また他にも、ホルモン療法で男性ホルモンが絶たれたため、男性機能の低下という気の滅入る副作用を経験することになったのだ。角さんの場合、ホルモン療法を開始したことで、女性に対する興味が全くなくなってしまったという。

「例えば週刊誌を買えば、ちょっとエッチなページとかがあって、前だったら目を留めていたのに、それがホルモン療法を始めてから全くそういうのに興味が無くなってしまったんです。『あれっ、俺ってオカマだったのかな』って思いました。男としてちょっとショックでしたね。インポテンツではないと割り切っていても、淋しかったですね」

同じ年代の男性は、角さんの言わんとするニュアンスをよくご理解いただけるのではないかと思う。

それに加え、重粒子線治療が始まると飲酒が制限される。お酒を飲むことが大好きな角さんにとって、それも1つのネックだったようだ。

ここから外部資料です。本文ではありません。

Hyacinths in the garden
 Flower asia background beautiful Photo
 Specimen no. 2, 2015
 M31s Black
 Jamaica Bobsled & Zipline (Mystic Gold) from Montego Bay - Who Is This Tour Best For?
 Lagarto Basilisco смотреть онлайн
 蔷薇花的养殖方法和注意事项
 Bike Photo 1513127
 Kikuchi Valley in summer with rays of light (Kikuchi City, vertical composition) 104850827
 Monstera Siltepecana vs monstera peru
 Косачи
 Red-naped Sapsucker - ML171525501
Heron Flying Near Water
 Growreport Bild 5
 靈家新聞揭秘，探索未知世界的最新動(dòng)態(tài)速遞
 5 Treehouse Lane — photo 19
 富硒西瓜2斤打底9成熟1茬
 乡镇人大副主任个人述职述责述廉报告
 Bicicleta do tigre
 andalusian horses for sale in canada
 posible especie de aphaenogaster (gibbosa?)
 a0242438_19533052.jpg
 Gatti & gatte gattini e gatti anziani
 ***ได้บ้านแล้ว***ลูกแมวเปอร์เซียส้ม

こうして、角さんは進行中のホルモン療法と10月開始予定だった重粒子線治療をキャンセルし、9月からトモセラピーの治療を受けることになった。

治療は横たわっているだけで終了

実際のトモセラピーの治療はどうだったのだろう。

「治療はまず看護師さんから『何分にトイレに行って膀胱を空にしてから、お茶を飲んで下さい。30分後に迎えに来ますから』と言われて、トイレに行った後、カップに300ccくらい入ったお茶を飲むことから始まります。しばらくすると看護師さんが迎えに来るので、装置に横たわってあとは20分位じっとしているだけ。治療している自覚は全くなく、副作用もなし。体調の変化もないので、トレーニングも可能だし、お酒も思いっきり飲めます(笑)」

照射は全部で15回。週に4~5回、連続して4週間ほどクリニックに通院して照射を受けることになる。取材時には、すでに照射は14回目まで終了しており、角さんは「明日最後の照射が終わり、今後は2カ月に1度血液検査でPSA数値をチェックして、とくに異常がなければ治療は終わりです」と明るい声で語っていた。

「食わず嫌いは止めなさい」

角さんのがんとの闘いを見ていて感心するのは、治療法に対する固定観念がなく、いいと思ったら軽いフットワークでどこへでも足を運ぶことだ。多忙な身でありながら、角さんはなぜそれが出来たのだろう?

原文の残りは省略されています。